When spectators opened their programmes at the 1908 Isle of Man Tourist Trophy meeting, many would have looked twice at entry number 24. It showed a captain of the Royal Navy as down to ride a Triumph. Not only was it unusual to have a serving sea captain engaging in motorcycle racing, but those who understood the niceties of British life recognised that he held the title of baronet, for his entry read Captain Sir RK Arbuthnot, Bt. However, what those watching could not have known was that the heroic deeds of this man, both on and off two-wheels, would see his name endure in the world of motorcycling for a century and more.

Coming from a distinguished family, Robert Keith Arbuthnot entered the navy as a midshipman of 13, progressed in rank and survived a catastrophe on HMS Royal Sovereign in 1901 when a heavy gun exploded at the breech, killing six and leaving him as one of 20 with serious injuries.


How and when he developed an interest in motorcycles is not known, but at the comparatively old age of 44 he joined fellow entrants at historic Tynwald Hill, St Johns on the Isle of Man, for the start of the 1908 TT. This was only the second running of the event and it was scheduled for 10 laps of a 15½ mile course on the west of the Island. This ‘Short Course’ was used from 1907-1910, before the 37¾ mile Mountain Course was adopted for the TT in 1911.

Riding in stout leather jacket and breeches, topped with an early leather flying-helmet and goggles, the Captain waited to do battle on his single-cylinder Triumph with 36 other competitors over the 158 mile race distance.
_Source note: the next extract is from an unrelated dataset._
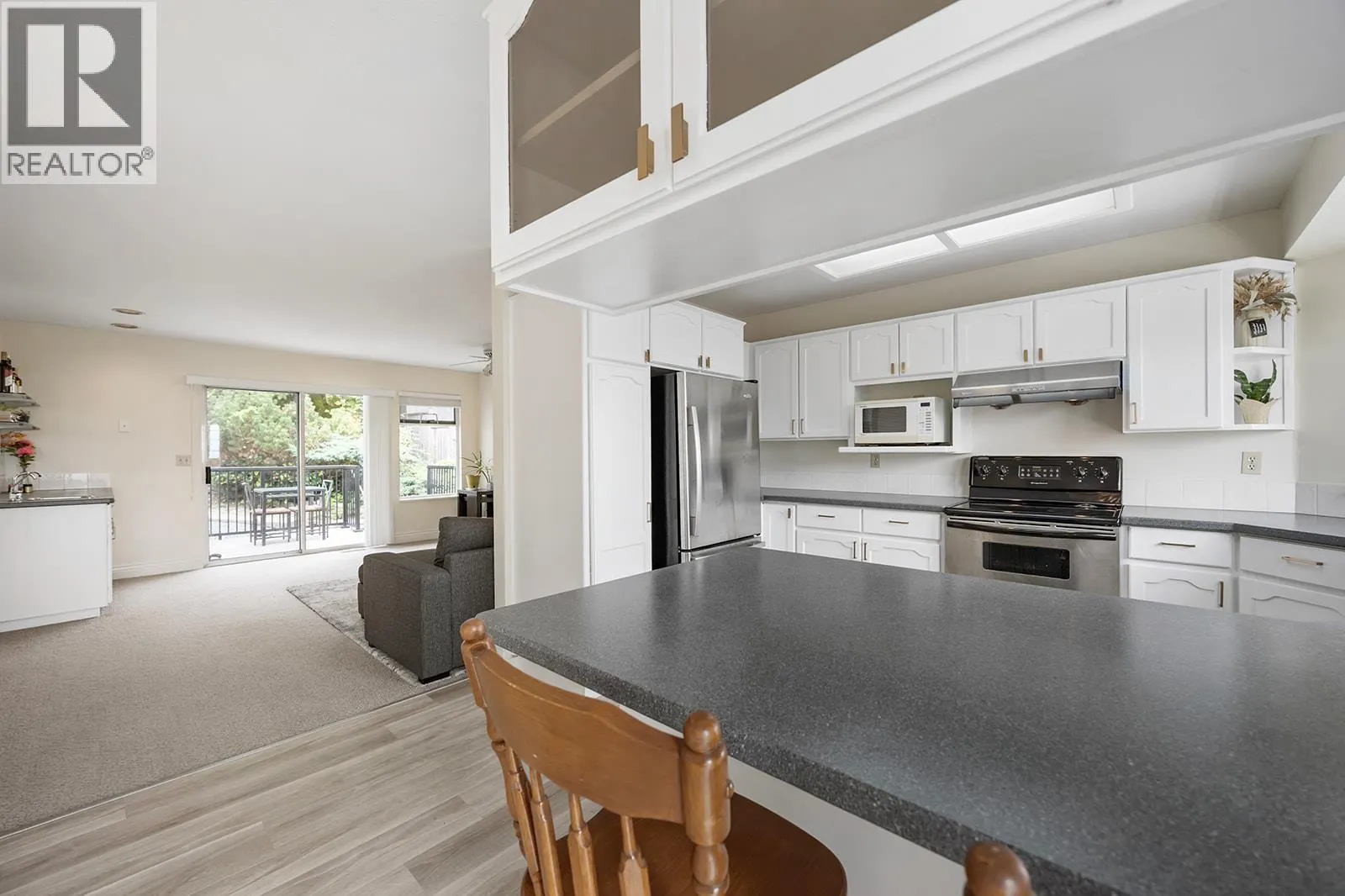 2850 MARA DRIVE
A substantial tool-box can be seen on the bike’s rear carrier and a spare drive-belt below the saddle. Early TT races demanded not only riding skills from participants, but also sufficient mechanical skills to be able to repair a belt-drive, mend a puncture, or even change a valve out on the course.


Another requirement was a good level of physical fitness and, although not a young man, Captain Arbuthnot was still active in boxing and athletic competitions organised by the navy and this ensured that he was fit enough to cope with physical challenges such as the much feared Creg Wyllies Hill, which competitors encountered some two miles from the start. With everyone riding primitive single-speeders over the loose-surfaced roads of the day, this formidable hill was preceded by the speed-sapping bends of Glen Helen and Sarah’s Cottage, the combined effects of which forced some riders to dismount and run alongside their bikes on the upper reaches of the hill, as revs dropped away and engines threatened to stall. It was all seen as part of the demands of early racing by those pioneers of 1908, but it must have been a wearying business if done in full riding-kit on each of the 10 laps.

Captain Arbuthnot and his Triumph finished in a fine third place in the single-cylinder TT of 1908 after racing for four hours and seven minutes at an average speed of 38.22 mph, compared to winner Jack Marshall (Triumph) at 40.49 mph and second-placed Charlie Collier (Matchless) at 40.01 mph. However, despite this success, it was the only TT Arbuthnot contested, even though he retained a strong interest in motorcycling affairs.

Looking set for a successful naval career, he suffered a setback in 1910 after being too outspoken for the Lords of the Admiralty’s liking on what he perceptively saw as a military threat to Britain from another European country. Surprisingly, it was in a speech to the ACU (even then the controlling body for British motorcycle sport) that he wandered off the subject of motorcycles and onto international politics, as a result of which he found himself disciplined and looking for command of another ship.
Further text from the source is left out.